244 S.W. 949 | Mo. Ct. App. | 1922

This is an appeal from an order of the circuit court of Andrew County, Missouri, overruling a motion to quash an execution. The execution was issued out of said court on a transcript of a judgment rendered by a justice of the peace of said county. The suit, which was one in replevin, was instituted by plaintiff on November 4, 1921. The property described in the writ was taken and delivered to plaintiff. On November 8, 1921, the case was dismissed at the request of plaintiff but the goods were not returned to defendant. On November 18, 1921, defendant appeared and objected to the entry of dismissal and demanded that the court determine the "right of possession, the right of property and assess the value thereof, and the damages for the taking and detention." Thereupon the justice proceeded to try the issues embraced in defendant's demand and found that the goods were wrongfully taken by plaintiff and fixed the value thereof and damages for the wrongful taking and detention.

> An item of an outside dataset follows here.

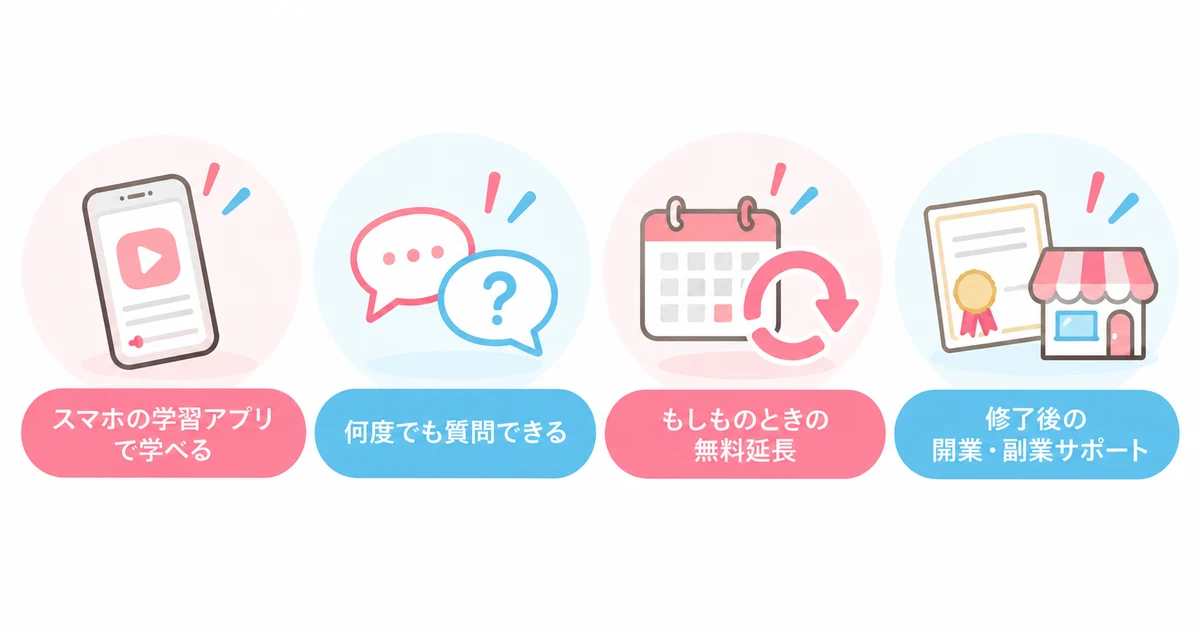 ヒューマンアカデミー通信講座の4つのサポート（スマホの学習アプリで学べる・何度でも質問できる・もしものときの無料延長・修了後の開業・副業サポート）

Thereafter a transcript of the judgment was filed with the circuit clerk and execution issued. Whereupon plaintiff filed its motion to quash the execution, alleging that no valid judgment was ever rendered *666 by the justice against the plaintiff and that the judgment was void upon its face for the reason that no assessment of the value of the property described in the complaint was made by a jury as required by the statute. Other grounds for quashing the execution were contained in the motion but they have now been abandoned.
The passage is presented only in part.